But why does Chekhov then let the nearly hysterical, possibly “posing” Vassilyev make what are actually Chekhov’s own philosophical musings? He won’t let us or his narrator “explain that.” We can’t; this is one of Chekhov’s assertions about human psychology, and is not a point of argument. At his most sincere and earnest, he puts his own words into the mouth of an actor, who may or may not be posing. This is for Chekhov’s sake—not to disguise his beliefs, but to test them, to try them out in a 20situation of someone experiencing the feelings.21

About the word “posing.” The verb in Russian is risovat’—to draw, to paint, and, figuratively, to portray. As I understand it, Chekhov is talking about the self-dramatizing impulse: I feel so bad I want to kill myself. Let me prove that feeling to the world—and do it! His good friend, the painter Isaac Levitan, was something of a poser himself, continually threatening suicide.22

This story’s inspiration was not of the immediate moment, but from an incident in early January 1886 involving an acquaintance of Chekhov’s, Pyotr Kicheev, an editor at The Alarm Clock, who shot himself, but the bullet was a dud, and a few days later Kicheev was making jokes.23 (Perhaps Kicheev recognized that event in this story and resented it; in any case, in late 1887 he reviewed and panned Chekhov’s Ivanov, a play that features a “successful” suicide.)

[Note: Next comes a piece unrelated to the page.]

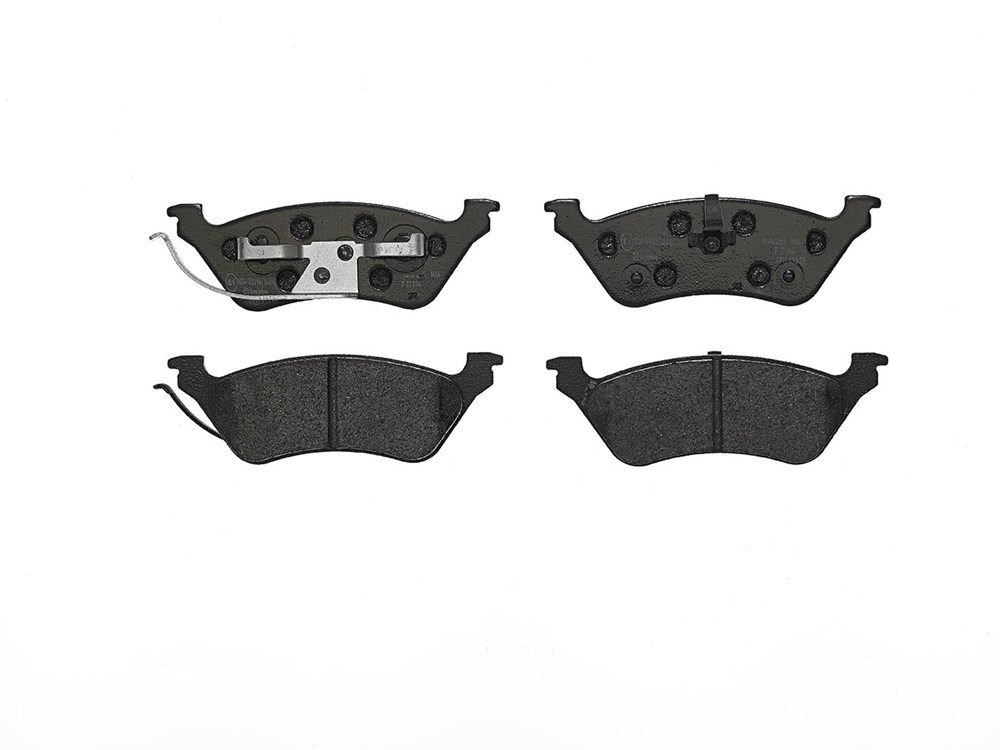 BREMBO Bremseklodser p11014 for CHRYSLER JEEP DODGE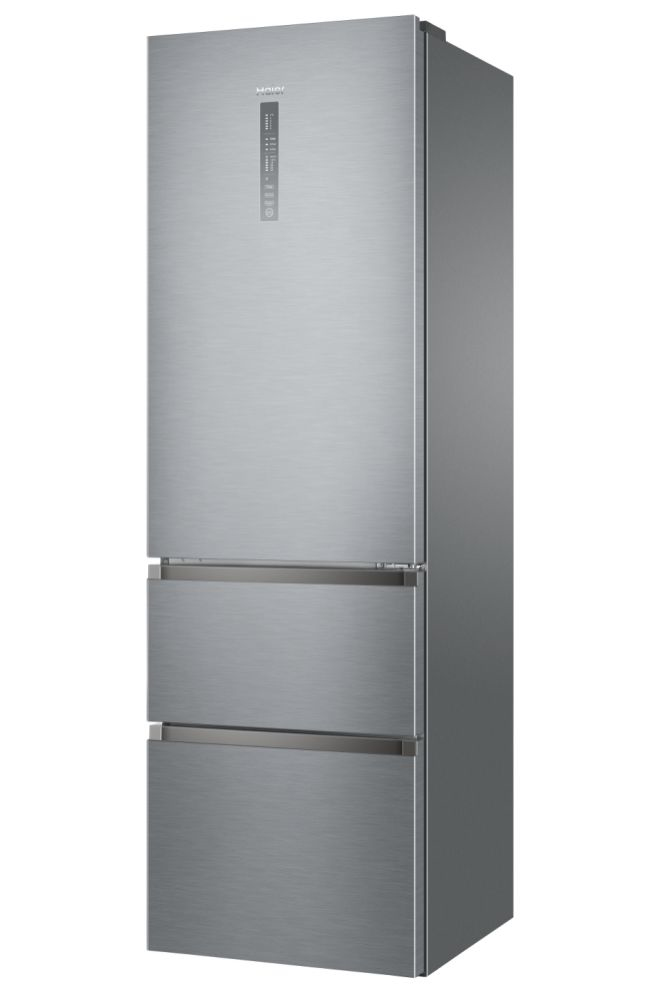 Haier HTR5619ENMG fridge-freezer Freestanding – image 4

Vassilyev anticipates his wife’s funeral the next day. From his musings, it is not after all clear to me if Vassilyev is actually an actor or just an educated person who quotes Hamlet and happened to be included in General Lukhachev’s “theatricals.”

“Ah…. Do you remember how I pranced about like a needle, like an enthusiastic ass at those private theatricals when I was courting Zina? It was stupid, but it was good, it was fun…. The very memory of it brings back a whiff of spring…. And now! What a cruel change of scene! There is a subject for you! Only don’t you go in for writing ‘the diary of a suicide.’ That’s vulgar and conventional. You make something humorous of it.”

“Again you are… posing,” I said. “There’s nothing humorous in your position.”

“Nothing laughable? You say nothing laughable?” Vassilyev sat up, and tears glistened in his eyes. An expression of bitter distress came into his pale face. His chin quivered.

“You laugh at the deceit of cheating clerks and faithless wives,” he said [as Chekhov indeed did laugh], “but no clerk, no faithless wife has cheated as my fate has cheated me! I have been deceived as no bank depositor, no duped husband has ever been deceived! Only realize what an absurd fool I have been made! Last year before your eyes I did not know what to do with myself for happiness. And now before your eyes….”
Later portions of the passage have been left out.